A digital camera stores photos on a flash memory card. Once you transfer the photos to your PC, you can erase the images from the card and use it again. A 128-megabyte memory card, available for as little as $60, can store 100 or more high-quality photos.

Finally, because you can preview and retouch every photo before printing, you never pay for a bad shot. Of course, you don't have to make your own prints at all. Millions happily exchange photos by e-mail or set up Web-based albums for friends and family. Millions more are using online services that make excellent photographic prints from uploaded digital images for as little as a quarter apiece.

Digital photography is also much easier than it was a few years ago. You don't need a doctorate from Geek U. to snap photos and turn them into prints or PC-based images for e-mailing. It's also great fun - even a simple photo-editing program gives you more control over your photos, and more ways to present them - than the best traditional darkroom can.

So it's not surprising that digital photography is a bright spot in an otherwise gloomy technology market. Last year, between 5.5 million and 6.5 million digital cameras were sold (depending on which trade group does the estimating). This year, the prognosticators say, sales will increase to between 7.5 million and 9.5 million units. By the end of the holiday season, up to 20 percent of American homes will have digital cameras.

But digital photography does require a willingness to assimilate a little technical knowledge. It's certainly not as simple as buying a disposable camera at the drugstore, snapping your photos and picking up the prints a day later. If you only shoot an occasional roll, it's probably not worth the hassle. And if all you want are digital versions of family snapshots that that you can e-mail to Aunt Rhoda, you can get them without buying a digital camera. More about that later.

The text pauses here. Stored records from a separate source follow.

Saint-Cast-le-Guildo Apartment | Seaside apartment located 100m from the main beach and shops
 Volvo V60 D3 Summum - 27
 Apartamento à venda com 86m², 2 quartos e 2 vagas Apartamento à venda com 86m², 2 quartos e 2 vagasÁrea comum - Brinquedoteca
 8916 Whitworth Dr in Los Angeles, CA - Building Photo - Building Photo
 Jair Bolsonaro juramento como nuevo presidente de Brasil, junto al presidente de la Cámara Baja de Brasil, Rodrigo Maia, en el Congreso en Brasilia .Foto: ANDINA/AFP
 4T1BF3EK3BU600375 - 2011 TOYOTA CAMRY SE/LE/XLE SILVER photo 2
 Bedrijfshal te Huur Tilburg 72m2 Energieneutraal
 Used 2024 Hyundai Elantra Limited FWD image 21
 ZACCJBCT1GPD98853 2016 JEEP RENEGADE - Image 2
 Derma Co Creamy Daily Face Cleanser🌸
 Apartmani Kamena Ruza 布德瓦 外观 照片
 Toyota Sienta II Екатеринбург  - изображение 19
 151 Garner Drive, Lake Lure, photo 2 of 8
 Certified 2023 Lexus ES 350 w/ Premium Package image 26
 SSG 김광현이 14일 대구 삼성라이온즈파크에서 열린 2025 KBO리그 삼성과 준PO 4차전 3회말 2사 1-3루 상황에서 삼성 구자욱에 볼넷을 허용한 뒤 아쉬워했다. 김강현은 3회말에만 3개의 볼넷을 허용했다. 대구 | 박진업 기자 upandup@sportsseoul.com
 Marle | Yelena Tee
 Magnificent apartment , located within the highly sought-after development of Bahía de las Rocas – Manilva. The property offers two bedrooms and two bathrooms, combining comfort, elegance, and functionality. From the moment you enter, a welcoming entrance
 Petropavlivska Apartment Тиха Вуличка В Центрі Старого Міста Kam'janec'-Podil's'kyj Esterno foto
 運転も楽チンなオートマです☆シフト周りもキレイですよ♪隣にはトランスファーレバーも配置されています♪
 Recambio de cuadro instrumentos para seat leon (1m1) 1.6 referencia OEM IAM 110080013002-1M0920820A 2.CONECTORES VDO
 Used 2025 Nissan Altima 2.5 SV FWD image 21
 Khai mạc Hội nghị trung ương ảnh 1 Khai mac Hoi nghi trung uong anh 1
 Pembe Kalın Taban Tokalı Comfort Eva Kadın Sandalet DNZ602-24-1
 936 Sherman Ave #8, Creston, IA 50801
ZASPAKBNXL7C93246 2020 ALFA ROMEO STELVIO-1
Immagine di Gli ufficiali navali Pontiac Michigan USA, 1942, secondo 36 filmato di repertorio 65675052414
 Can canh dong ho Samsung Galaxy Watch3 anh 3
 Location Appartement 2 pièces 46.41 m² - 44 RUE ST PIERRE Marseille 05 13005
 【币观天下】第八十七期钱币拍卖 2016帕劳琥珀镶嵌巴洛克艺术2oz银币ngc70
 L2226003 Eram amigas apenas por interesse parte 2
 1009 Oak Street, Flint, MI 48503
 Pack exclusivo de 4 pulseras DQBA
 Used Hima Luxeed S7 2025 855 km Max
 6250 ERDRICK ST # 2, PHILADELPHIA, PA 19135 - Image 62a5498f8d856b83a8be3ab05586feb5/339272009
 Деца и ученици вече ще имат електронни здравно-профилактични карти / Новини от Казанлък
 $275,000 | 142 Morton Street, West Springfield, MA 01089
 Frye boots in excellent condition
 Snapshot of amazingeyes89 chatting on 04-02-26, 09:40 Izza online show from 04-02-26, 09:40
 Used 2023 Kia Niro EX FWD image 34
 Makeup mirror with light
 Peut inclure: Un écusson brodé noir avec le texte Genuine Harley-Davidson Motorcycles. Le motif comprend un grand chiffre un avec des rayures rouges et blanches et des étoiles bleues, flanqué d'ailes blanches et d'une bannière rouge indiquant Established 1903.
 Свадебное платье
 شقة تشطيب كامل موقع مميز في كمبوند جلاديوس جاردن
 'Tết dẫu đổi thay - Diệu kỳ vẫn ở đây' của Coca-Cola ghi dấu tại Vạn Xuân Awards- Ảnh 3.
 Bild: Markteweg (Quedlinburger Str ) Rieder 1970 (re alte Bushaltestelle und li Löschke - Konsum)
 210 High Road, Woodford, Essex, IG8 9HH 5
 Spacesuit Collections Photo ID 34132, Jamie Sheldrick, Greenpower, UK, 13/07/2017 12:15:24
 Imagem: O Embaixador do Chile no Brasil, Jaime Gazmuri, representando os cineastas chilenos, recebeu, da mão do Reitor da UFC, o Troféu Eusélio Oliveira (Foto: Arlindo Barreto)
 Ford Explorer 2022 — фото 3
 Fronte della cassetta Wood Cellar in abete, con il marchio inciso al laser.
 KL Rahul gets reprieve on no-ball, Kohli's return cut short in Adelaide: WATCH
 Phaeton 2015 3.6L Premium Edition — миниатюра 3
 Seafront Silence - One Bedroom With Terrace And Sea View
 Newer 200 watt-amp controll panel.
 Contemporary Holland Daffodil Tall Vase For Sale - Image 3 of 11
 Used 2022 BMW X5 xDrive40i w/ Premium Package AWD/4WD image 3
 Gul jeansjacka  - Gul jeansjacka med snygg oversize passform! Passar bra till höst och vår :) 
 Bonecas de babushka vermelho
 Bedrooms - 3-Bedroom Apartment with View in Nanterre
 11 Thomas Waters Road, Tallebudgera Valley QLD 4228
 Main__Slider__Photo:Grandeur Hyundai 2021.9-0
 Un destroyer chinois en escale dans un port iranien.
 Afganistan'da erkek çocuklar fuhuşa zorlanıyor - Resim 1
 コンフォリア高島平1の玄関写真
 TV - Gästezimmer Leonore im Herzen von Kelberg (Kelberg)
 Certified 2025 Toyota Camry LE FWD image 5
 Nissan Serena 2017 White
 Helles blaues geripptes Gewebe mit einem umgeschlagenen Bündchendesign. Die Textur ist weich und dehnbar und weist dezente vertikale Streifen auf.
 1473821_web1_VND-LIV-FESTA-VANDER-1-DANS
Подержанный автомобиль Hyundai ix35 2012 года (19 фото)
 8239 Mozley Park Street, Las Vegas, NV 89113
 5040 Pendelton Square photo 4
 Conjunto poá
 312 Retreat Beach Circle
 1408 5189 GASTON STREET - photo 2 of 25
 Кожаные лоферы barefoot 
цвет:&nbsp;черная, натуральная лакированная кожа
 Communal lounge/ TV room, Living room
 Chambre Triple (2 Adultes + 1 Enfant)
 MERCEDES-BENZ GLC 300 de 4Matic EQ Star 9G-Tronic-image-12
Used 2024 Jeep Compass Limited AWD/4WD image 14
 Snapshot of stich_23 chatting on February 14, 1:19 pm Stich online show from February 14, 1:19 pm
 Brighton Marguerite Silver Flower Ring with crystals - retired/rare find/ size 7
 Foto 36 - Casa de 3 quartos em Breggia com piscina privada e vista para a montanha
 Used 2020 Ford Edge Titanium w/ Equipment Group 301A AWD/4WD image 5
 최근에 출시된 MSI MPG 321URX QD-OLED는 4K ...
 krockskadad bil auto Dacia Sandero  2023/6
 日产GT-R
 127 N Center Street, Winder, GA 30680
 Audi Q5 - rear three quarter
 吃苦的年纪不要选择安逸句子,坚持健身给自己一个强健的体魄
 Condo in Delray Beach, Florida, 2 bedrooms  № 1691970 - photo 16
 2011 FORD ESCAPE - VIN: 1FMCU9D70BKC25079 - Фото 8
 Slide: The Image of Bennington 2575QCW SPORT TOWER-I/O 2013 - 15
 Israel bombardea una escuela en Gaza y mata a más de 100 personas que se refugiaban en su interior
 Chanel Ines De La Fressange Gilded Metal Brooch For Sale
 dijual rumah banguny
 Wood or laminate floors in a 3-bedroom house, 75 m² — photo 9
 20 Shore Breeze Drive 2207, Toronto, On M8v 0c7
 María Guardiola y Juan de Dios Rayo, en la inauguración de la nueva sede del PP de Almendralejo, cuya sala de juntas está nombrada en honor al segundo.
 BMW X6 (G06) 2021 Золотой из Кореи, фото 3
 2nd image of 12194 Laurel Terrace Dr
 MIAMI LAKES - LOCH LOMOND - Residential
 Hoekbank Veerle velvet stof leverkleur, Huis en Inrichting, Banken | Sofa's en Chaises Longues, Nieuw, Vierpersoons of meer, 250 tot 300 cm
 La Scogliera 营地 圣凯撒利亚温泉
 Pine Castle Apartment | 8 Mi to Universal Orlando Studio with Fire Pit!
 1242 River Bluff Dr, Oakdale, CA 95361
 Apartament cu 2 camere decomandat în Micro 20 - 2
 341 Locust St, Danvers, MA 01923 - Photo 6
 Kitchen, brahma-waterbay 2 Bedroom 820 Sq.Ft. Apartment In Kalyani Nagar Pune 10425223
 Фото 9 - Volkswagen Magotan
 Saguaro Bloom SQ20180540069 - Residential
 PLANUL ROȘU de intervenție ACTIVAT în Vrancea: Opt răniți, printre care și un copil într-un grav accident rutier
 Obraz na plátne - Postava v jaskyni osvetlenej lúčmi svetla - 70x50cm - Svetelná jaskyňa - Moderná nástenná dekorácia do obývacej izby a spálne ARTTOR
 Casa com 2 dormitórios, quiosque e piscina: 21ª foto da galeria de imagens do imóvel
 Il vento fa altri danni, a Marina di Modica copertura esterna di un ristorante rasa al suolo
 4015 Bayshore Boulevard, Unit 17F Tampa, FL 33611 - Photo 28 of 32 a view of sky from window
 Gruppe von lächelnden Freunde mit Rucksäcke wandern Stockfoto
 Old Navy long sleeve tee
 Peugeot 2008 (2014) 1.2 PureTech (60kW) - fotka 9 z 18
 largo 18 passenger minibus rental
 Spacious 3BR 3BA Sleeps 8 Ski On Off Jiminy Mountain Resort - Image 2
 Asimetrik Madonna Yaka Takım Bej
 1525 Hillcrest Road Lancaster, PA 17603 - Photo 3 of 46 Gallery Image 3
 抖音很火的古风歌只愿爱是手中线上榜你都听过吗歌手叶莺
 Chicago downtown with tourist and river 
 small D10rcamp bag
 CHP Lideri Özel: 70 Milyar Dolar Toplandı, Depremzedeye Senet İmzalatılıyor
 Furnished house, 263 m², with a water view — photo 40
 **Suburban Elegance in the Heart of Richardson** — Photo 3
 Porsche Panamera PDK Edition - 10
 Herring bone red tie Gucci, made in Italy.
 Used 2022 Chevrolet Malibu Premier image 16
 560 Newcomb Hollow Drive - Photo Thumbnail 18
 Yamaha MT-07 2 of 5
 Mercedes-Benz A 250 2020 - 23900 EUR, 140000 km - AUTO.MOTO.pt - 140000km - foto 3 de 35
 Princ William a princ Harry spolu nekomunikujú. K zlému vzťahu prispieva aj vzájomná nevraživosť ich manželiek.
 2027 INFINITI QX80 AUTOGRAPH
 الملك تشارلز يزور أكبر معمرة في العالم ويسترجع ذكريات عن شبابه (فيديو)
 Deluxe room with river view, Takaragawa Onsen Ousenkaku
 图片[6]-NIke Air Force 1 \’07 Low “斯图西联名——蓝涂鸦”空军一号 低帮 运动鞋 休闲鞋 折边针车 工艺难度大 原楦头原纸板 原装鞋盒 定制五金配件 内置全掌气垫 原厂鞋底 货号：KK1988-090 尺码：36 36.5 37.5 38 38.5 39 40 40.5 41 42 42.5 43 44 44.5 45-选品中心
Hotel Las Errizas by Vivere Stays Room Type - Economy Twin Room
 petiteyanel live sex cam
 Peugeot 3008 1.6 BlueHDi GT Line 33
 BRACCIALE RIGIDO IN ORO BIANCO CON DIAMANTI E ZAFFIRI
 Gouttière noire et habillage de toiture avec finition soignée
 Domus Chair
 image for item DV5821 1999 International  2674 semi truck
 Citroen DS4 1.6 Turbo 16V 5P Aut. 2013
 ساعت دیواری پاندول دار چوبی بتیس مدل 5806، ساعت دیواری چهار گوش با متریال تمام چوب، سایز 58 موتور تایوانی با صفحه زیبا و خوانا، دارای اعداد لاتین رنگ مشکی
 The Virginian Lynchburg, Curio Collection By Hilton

A more serious issue - and one that few digital photography enthusiasts discuss openly - is the permanence of digital images. Photos do capture moments in time (cue the Kodak music), and one of the reasons we take them is to preserve memories that will be available to our ourselves, our children, our grandchildren and later generations.

Film is a remarkably long-lived medium. The baby photos of our own kids, snapped two decades ago and stored in albums, are still vivid today. Kodachrome slides of the family that my father snapped more than 50 years ago are still in excellent shape. In fact, it's still possible to make prints from plates and negatives from the dawn of photography, more than a century ago.

Theoretically, digital images should be even more permanent. They don't depend on a particular physical medium - they exist as digital ones and zeros. You can store a digital photo on a hard disk, on a CD, DVD, digital tape or even a floppy disk. All you need is software to convert the data into an image you can view and print.

Unfortunately, the media we use to store digital information are far less permanent than film. Hard drives crash. Removable magnetic media, such as disks and tape, degrade over the years, even under the best conditions. Even compact discs may not be reliable for more than a decade.

Moreover, media are constantly evolving. Suppose, for example, that digital photography had gotten its start 20 years ago and you suddenly inherited a photo collection stored on 8-inch floppy disks. Do you know anyone with an 8-inch floppy drive? Maybe you can find one in a museum. Likewise, the formats used to store digital information change over the years, and so does the software that creates them.

Maintaining a digital photo collection over the years will require more continuing work than putting prints into albums or filing negatives in a safe place. You'll have to back up the data onto new media from time to time and, as software changes, you may want to convert the images to new formats. There's no reason to assume that computers running Windows 2075 will be able to read disks created by Windows 98.

For these reasons, surveys show that most serious photographers haven't given up on film altogether. They often shoot both film and digital images on occasions they want to preserve for posterity. I still use both and back up my digital images on a second computer and on CD. I hope I'll have the perseverance to make sure they're available when my kids want to see them in 30 or 40 years.

Meanwhile, if you'd like to give digital imaging a try without buying a camera, have your photofinisher scan the next roll of film you drop off and deliver the pictures to you over the Internet or on CD. All major finishers offer this service - look for a digital checkbox on the film envelope. Most charge a couple of dollars extra for online delivery and $4 to $10 for a CD.

Some photofinishers will even put your images online free of charge, hoping you'll order extra prints or photo-emblazoned gift items. Give it a try; it's a cheap and easy entree to digital photography.